_Task data_.
◆ ◆ ◆ ◆
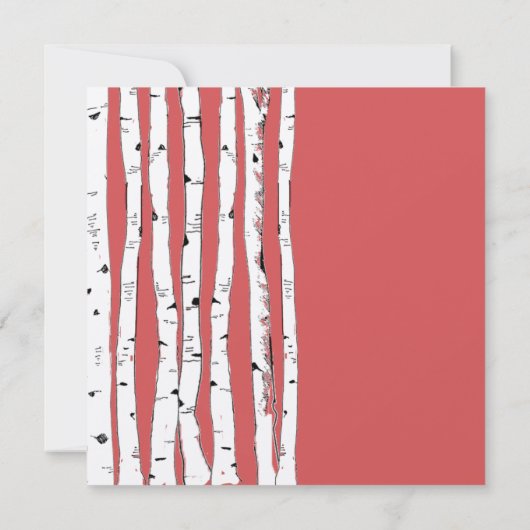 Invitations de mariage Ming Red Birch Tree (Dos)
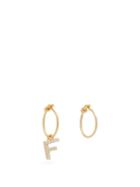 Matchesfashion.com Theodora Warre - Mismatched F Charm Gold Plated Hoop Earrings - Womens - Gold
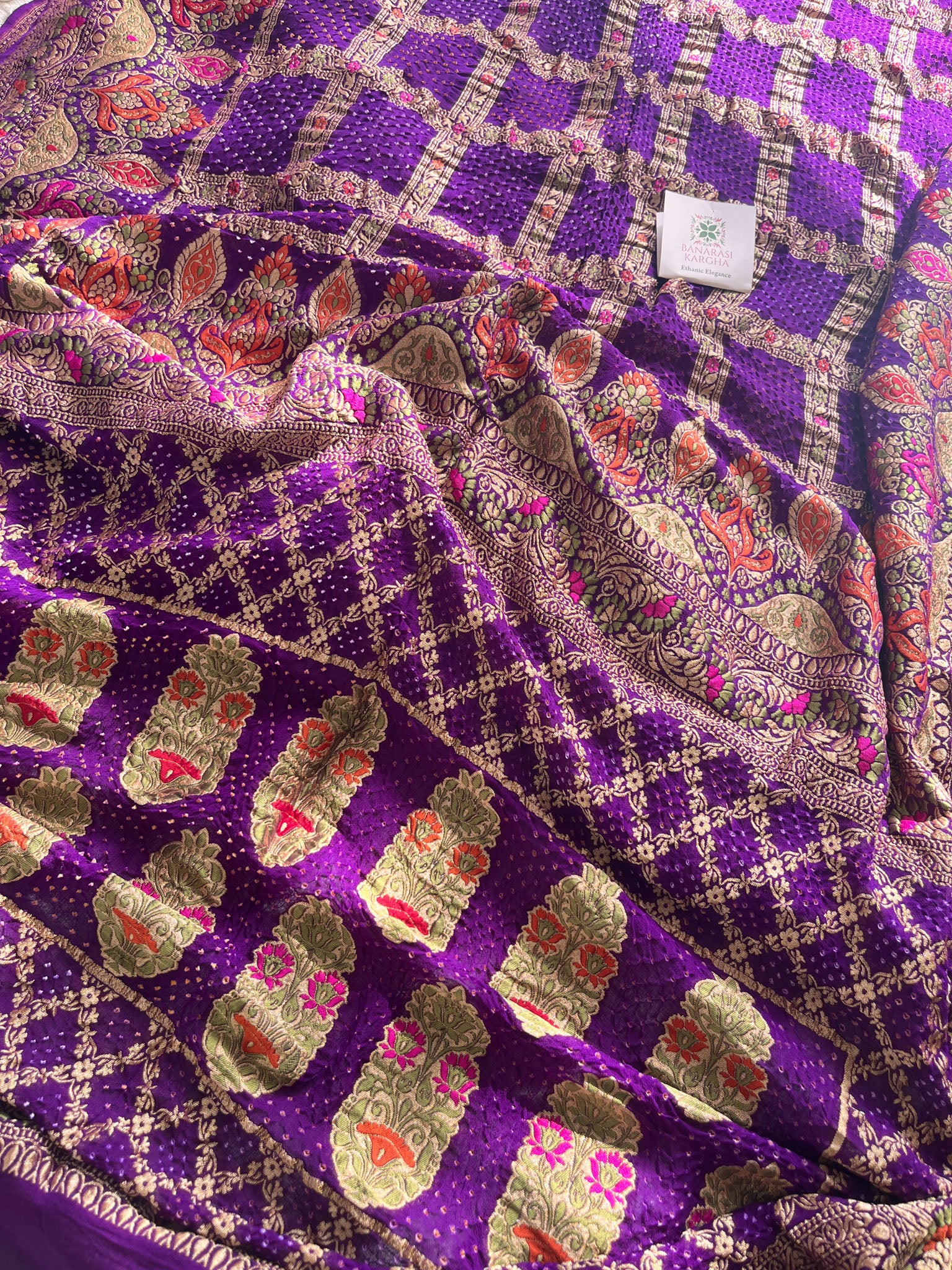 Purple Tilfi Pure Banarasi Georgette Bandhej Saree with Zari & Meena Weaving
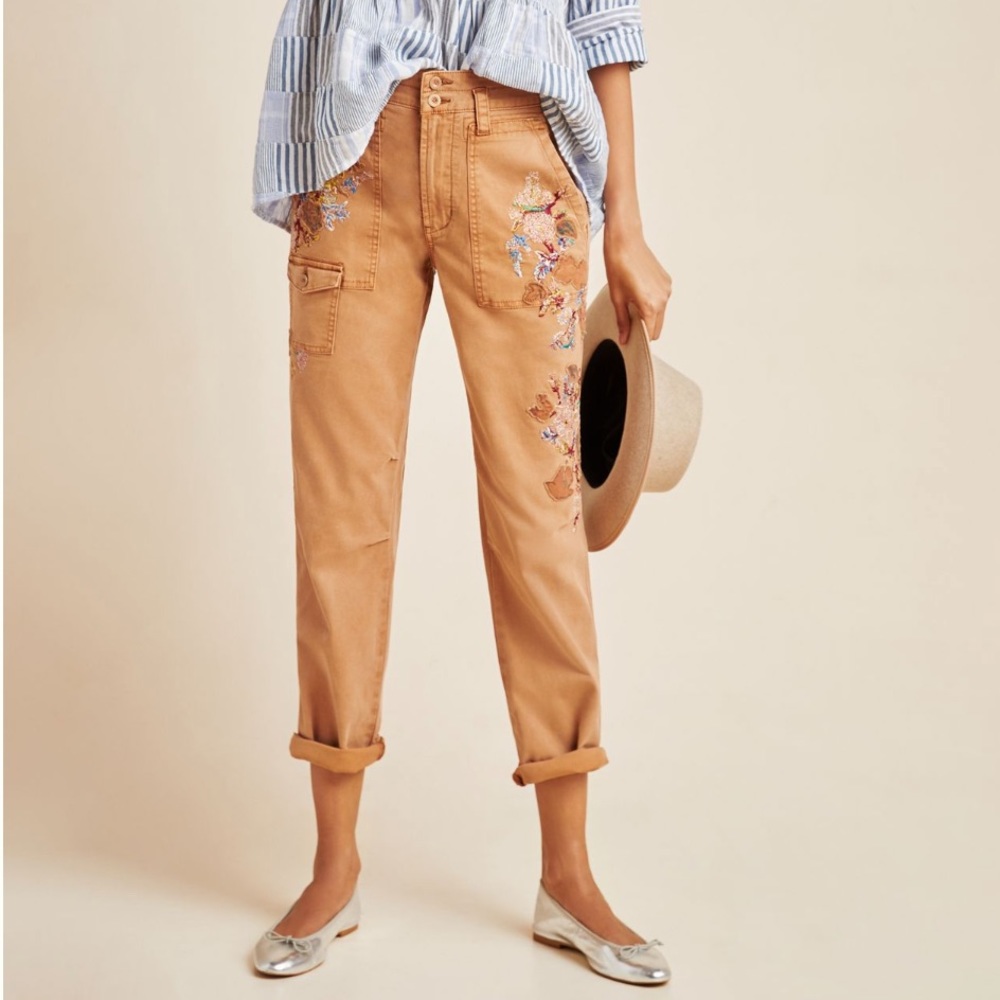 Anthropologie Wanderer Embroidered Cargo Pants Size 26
◆ ◆ ◆ ◆
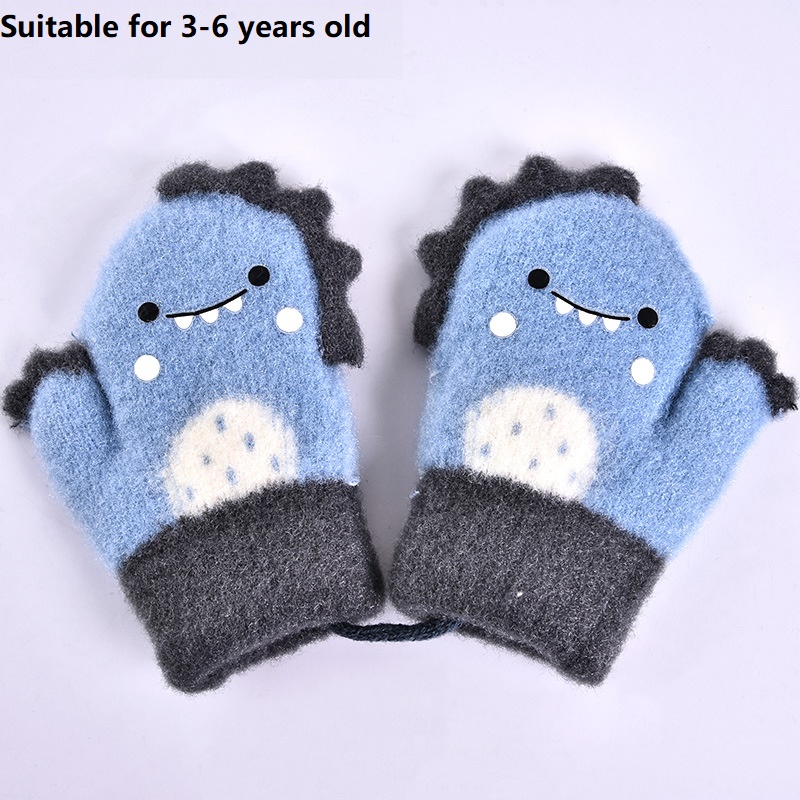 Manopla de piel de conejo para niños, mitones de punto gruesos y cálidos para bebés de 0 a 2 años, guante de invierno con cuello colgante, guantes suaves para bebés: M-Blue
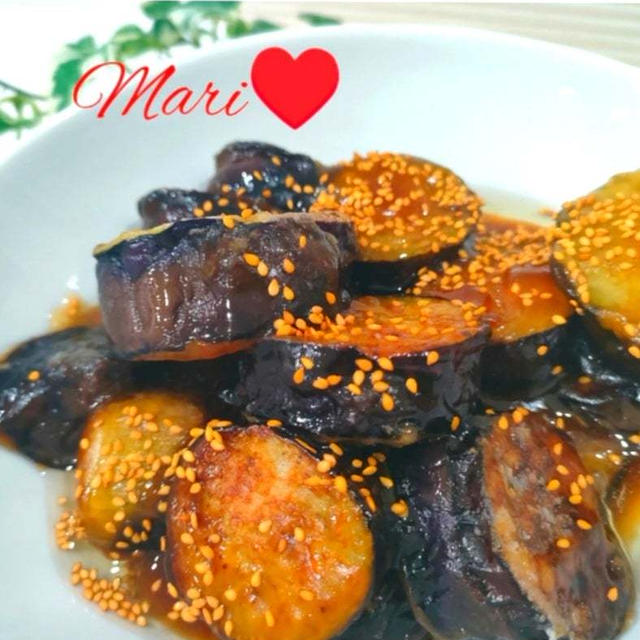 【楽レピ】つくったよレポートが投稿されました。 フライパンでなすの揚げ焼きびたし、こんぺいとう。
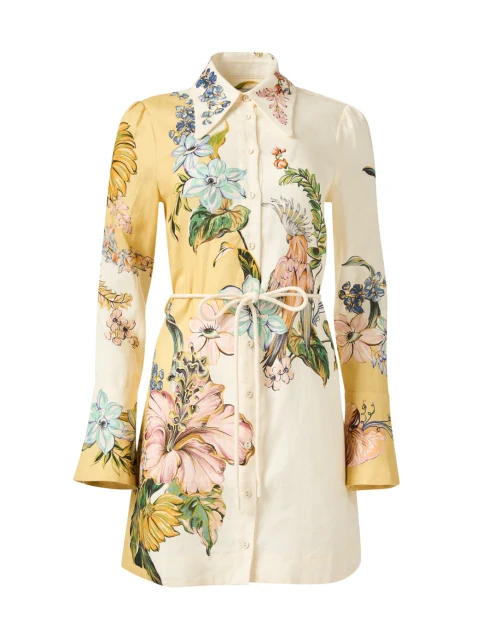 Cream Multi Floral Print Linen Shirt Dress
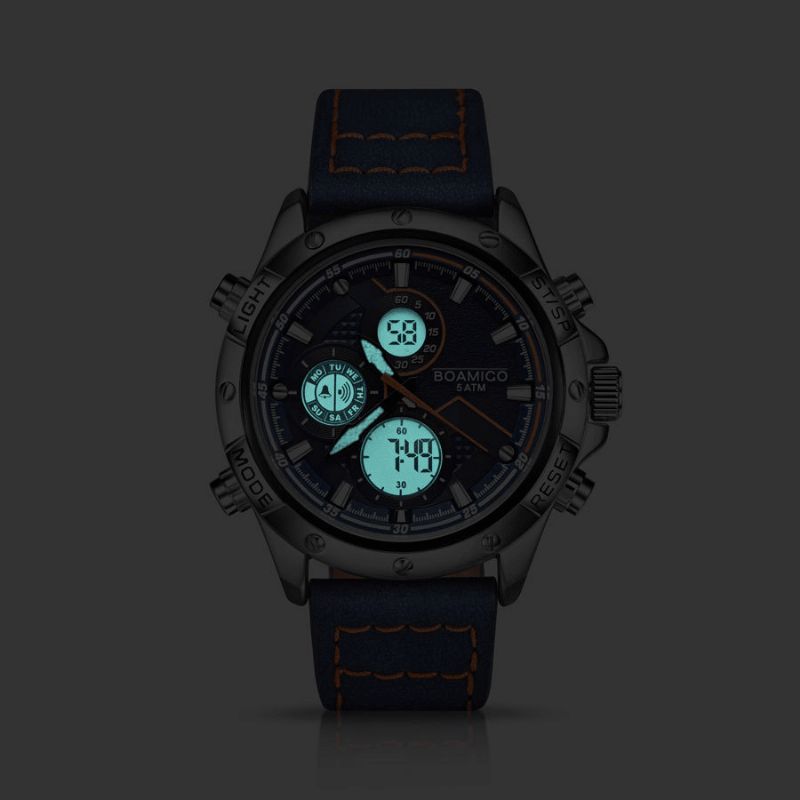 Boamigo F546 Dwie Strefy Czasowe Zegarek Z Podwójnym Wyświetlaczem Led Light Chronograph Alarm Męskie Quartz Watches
◆ ◆ ◆ ◆
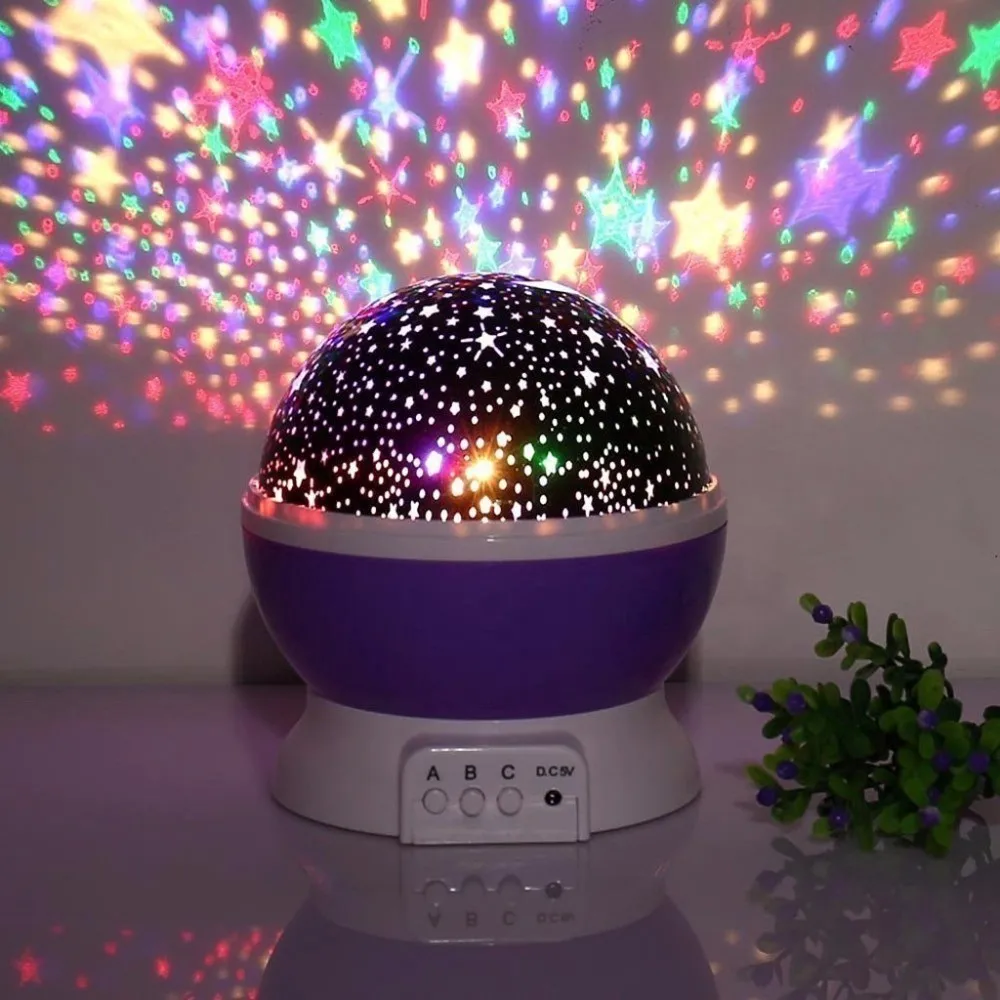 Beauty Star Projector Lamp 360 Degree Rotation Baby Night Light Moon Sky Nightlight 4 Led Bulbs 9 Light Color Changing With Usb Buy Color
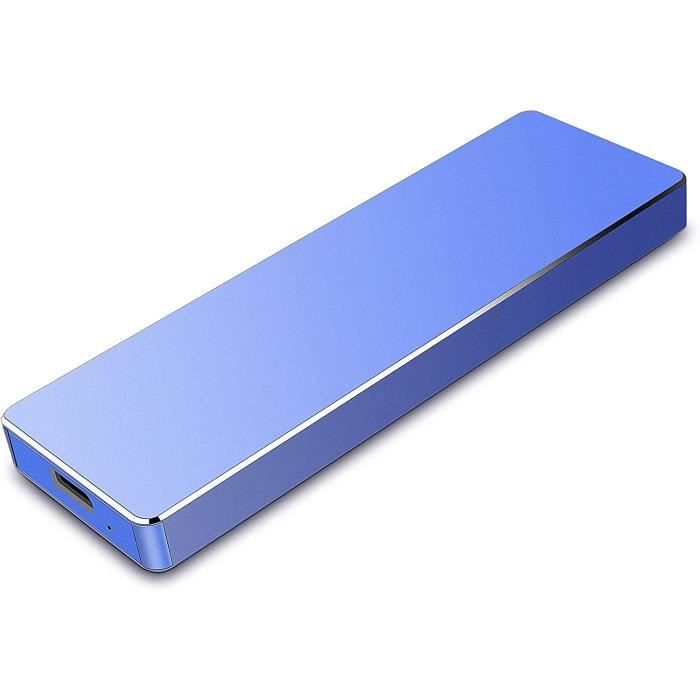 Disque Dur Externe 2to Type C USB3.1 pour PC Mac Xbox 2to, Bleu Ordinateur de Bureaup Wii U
◆ ◆ ◆ ◆
_Exercise_. Within the entries above, give again exactly the lines starting at the one that contains "Cream Multi Floral Print Linen Shirt Dress" and ending at the one that contains "Boamigo F546 Dwie", leaving out the pictures.

_Exercise result_.
 Cream Multi Floral Print Linen Shirt Dress
 Boamigo F546 Dwie Strefy Czasowe Zegarek Z Podwójnym Wyświetlaczem Led Light Chronograph Alarm Męskie Quartz Watches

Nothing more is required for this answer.